» DESCRIPTION OF THE TASK: Starting at the line that holds "Salvage Ford Escape Image" and stopping at the line that holds "Autos und Schaufenster", restate the records below word for word, with both of those lines included.

» DATA FOR ANALYSIS:

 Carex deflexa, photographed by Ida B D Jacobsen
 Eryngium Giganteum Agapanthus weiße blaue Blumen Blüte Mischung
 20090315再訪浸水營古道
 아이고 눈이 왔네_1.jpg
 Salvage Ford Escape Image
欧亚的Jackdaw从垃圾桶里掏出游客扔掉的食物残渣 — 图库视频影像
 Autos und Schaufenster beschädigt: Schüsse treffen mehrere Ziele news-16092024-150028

* * *

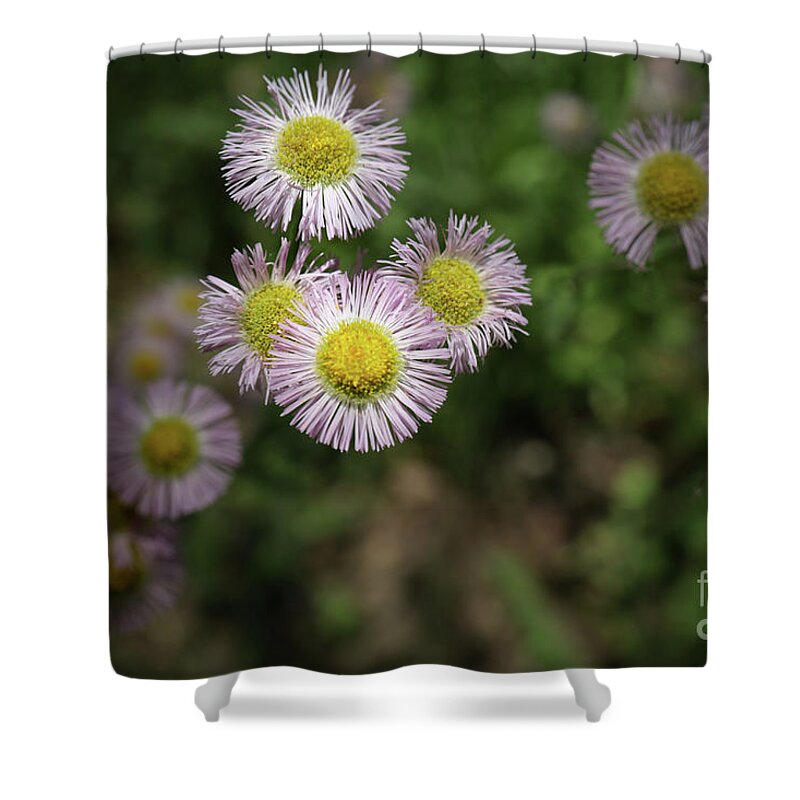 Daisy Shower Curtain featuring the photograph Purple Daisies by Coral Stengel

...

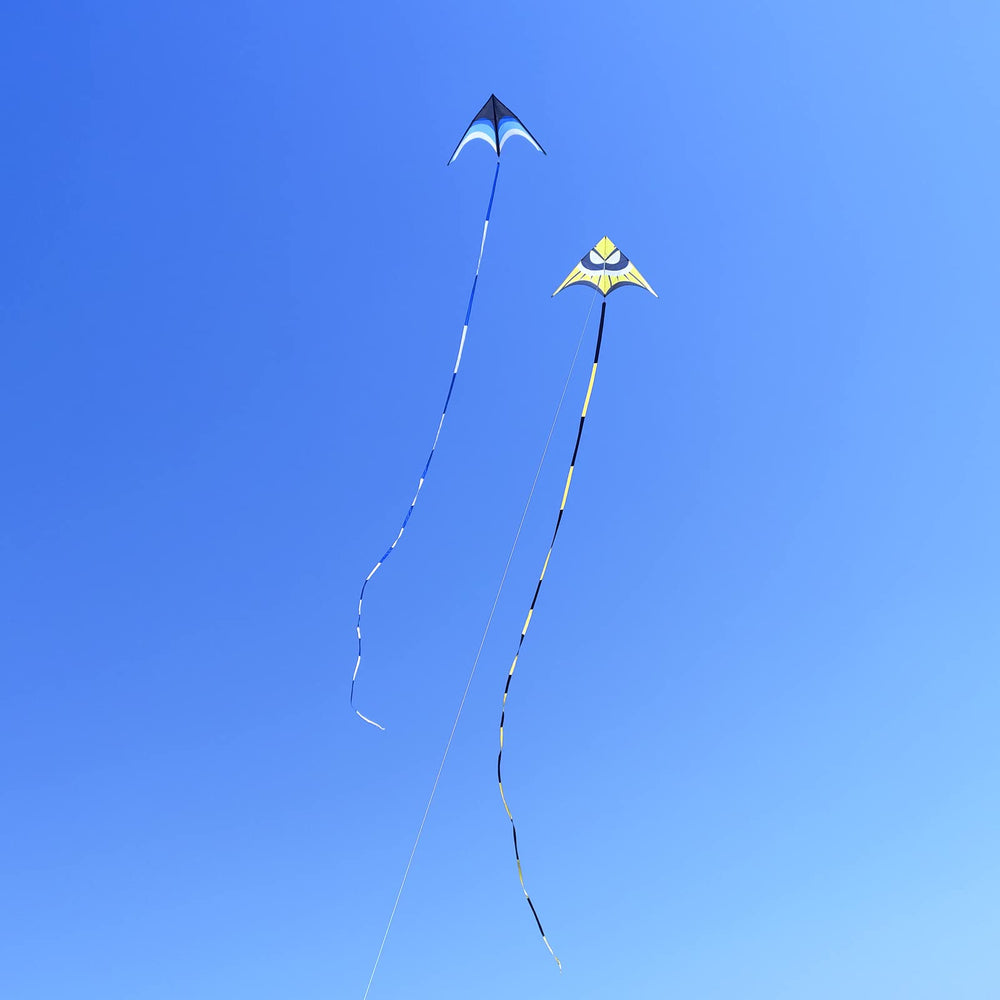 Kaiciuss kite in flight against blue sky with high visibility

» ANSWER:
 Salvage Ford Escape Image
欧亚的Jackdaw从垃圾桶里掏出游客扔掉的食物残渣 — 图库视频影像
 Autos und Schaufenster beschädigt: Schüsse treffen mehrere Ziele news-16092024-150028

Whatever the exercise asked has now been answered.